### SUPPLIED DATA
# # # #

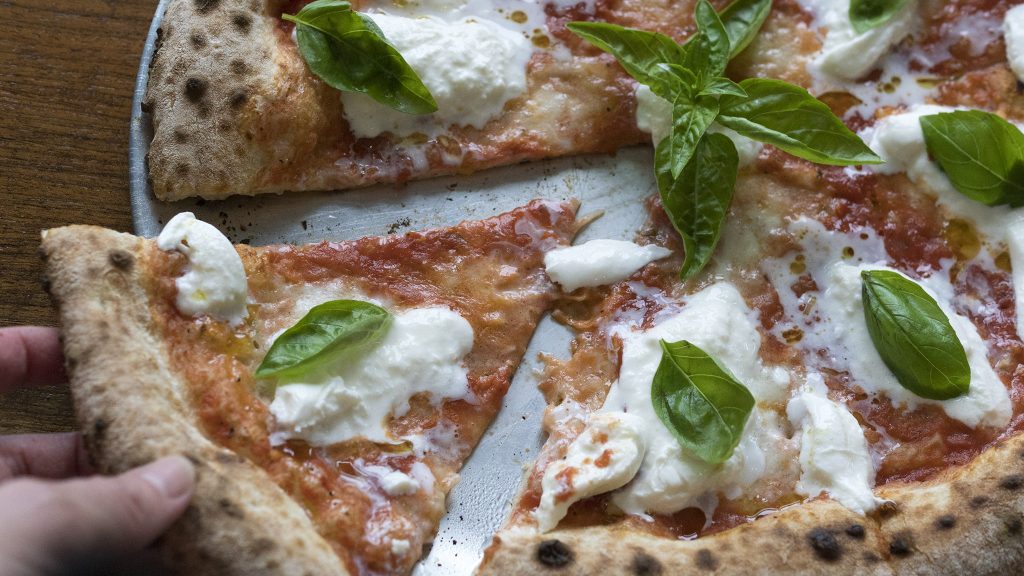 Margherita pizza at Medusa in Fishtown. (Danya Henninger/Billy Penn)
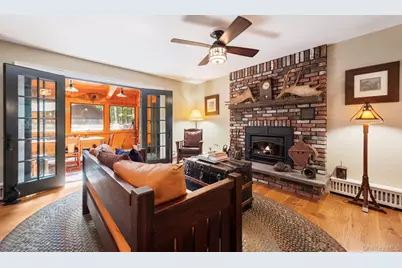 159 S Shore Drive, Wurtsboro, NY 12790 - Photo 11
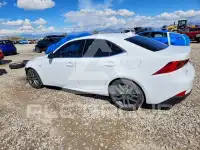 2017 Lexus IS photo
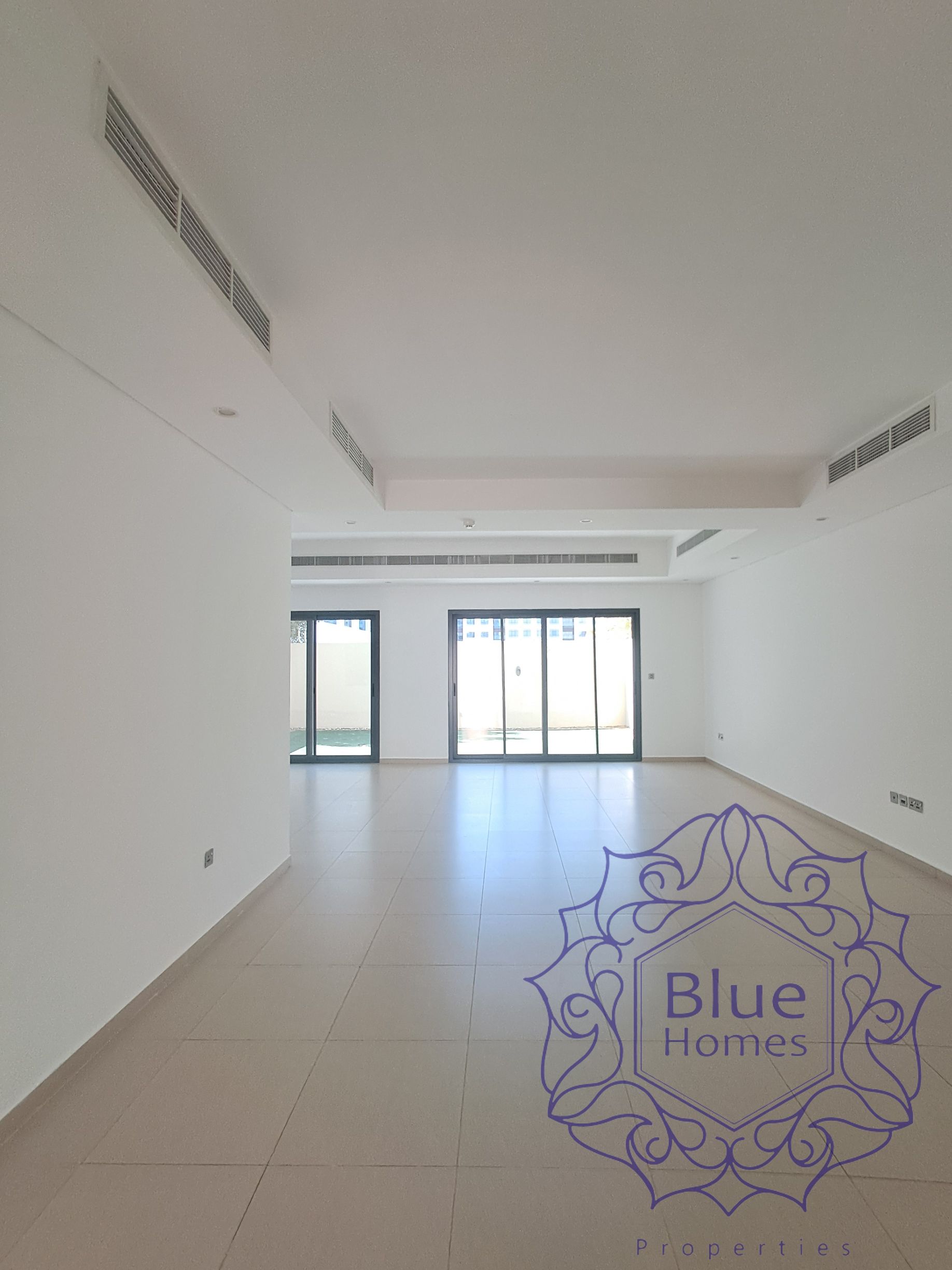 Spacious Luxury 4bhk villa | maidroom | Store room | 2 parking | gated community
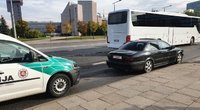 Vilniuje – „Jeguar“ gaudynės: vairuotoją vaikėsi 7 policijos ekipažai (nuotr. Broniaus Jablonsko)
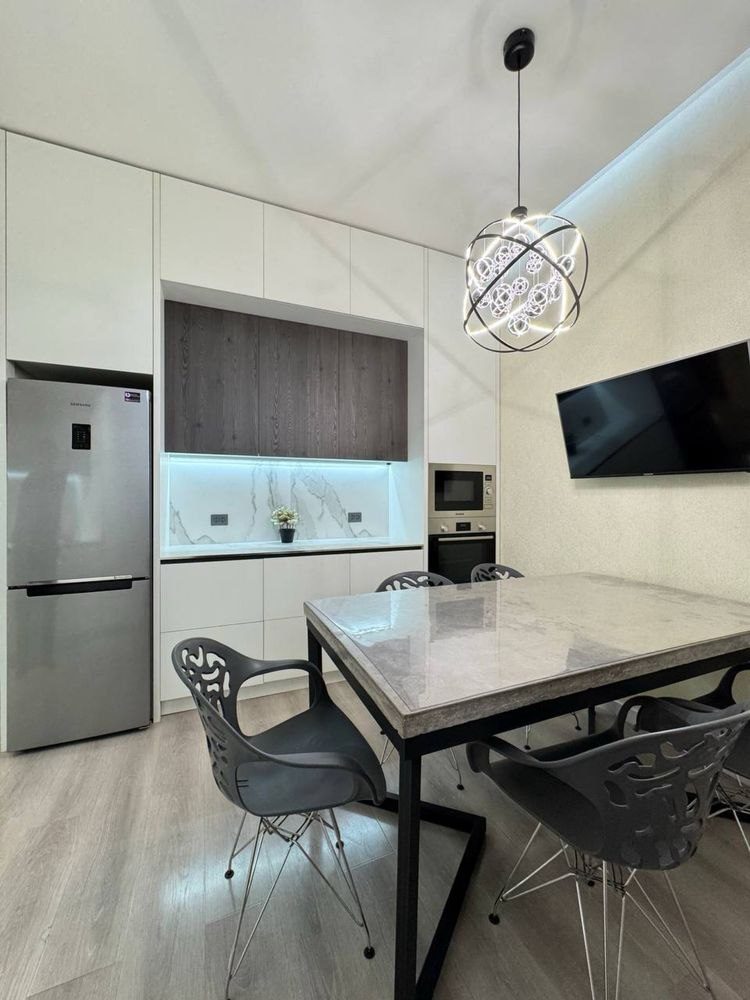4-xonali kvartira, 140 m², sotuvga
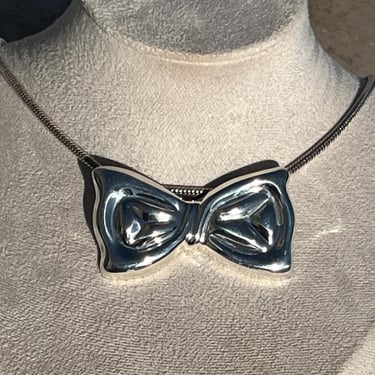 Los Ballesteros ~ Vintage Taxco Sterling Bow Tie Pendant with Thick Silver Rope Choker Necklace - 16 Inches 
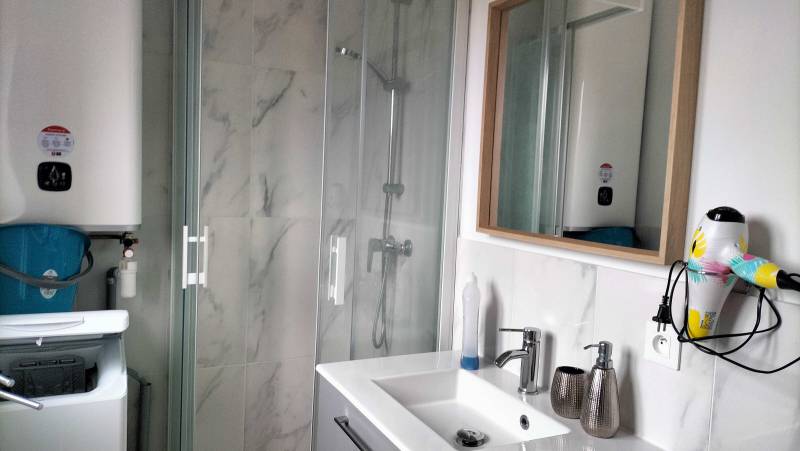 maison avec appartements et chambres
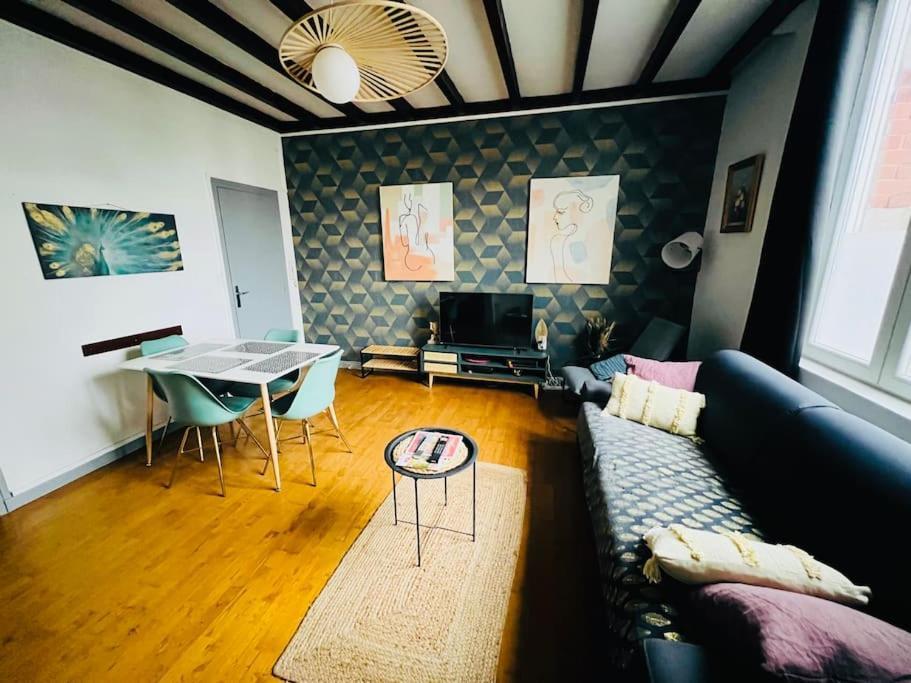 Apt Des Artistes, 3 Min A Pied Gare Et Centre Valenciennes Exteriör bild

# # # #

### ACTION ITEM
The line containing "4-xonali kvartira, 140 m², sotuvga" marks the end: copy exactly every line from the start of the records up to and including it, leaving out the pictures.

### RESPONSE BOX
 Margherita pizza at Medusa in Fishtown. (Danya Henninger/Billy Penn)
 159 S Shore Drive, Wurtsboro, NY 12790 - Photo 11
 2017 Lexus IS photo
 Spacious Luxury 4bhk villa | maidroom | Store room | 2 parking | gated community
 Vilniuje – „Jeguar“ gaudynės: vairuotoją vaikėsi 7 policijos ekipažai (nuotr. Broniaus Jablonsko)
4-xonali kvartira, 140 m², sotuvga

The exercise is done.